Unlike many postcolonial artists and intellectuals, Africa’s “first” director did not travel to the metropole for an elite education. Born in 1923 in the Casamance region of Senegal, he left school early, worked as a fisherman, learned masonry and carpentry, fought with the Free French in Africa and Europe, participated in the strike on the Dakar-Niger railway in 1947-8 (the subject of his superb 1960 novel God’s Bits of Wood), and then stowed away to France and became a docker in Marseilles, getting his education from the labor union rather than from the Sorbonne. A 1951 work accident crushed his vertebrae, and he used the long convalescence to write, publishing The Black Docker, the first of his ten books of fiction, in 1956. Moving back to Senegal at independence in 1960 and touring West Africa, he realized how few Africans could read his French novels, and decided he could reach more people through film.
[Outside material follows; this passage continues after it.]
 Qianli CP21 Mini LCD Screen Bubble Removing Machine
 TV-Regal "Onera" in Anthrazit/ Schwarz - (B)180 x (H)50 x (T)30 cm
He went to Moscow for cinema training with Mark Donskoi at the Gorki Studios, becoming a filmmaker at over forty years of age.
On his return to Dakar, he shot a 22 minute short called Borom Sarret (Cart Master, 1963), whose impact is difficult to overestimate. Heavily influenced in its simple outdoor shooting and its sympathy for the poor by Italian neorealist films like Vittorio De Sica’s The Bicycle Thief, it is crucially new in one respect: for the first time, we see a black African presented onscreen as a fully realized human subject. Because of the Laval decree (named for the Vichy prime minister later executed for collaboration with the Nazis), Africans in French colonies had been forbidden to film in Africa; restrictions in other colonies were also stringent. While European moviegoers were fed a steady diet of stereotypes about Africans through ethnographic shorts and travelogues shown before the feature, Africans were not allowed to represent themselves. As Sembene said to famed ethnographic filmmaker Jean Rouch in 1965: “What I hold against you . . . is that you look at us as if we were insects.” African cinema, in effect, had missed the first sixty years of this important new art form, but Sembene’s breakthrough changed that.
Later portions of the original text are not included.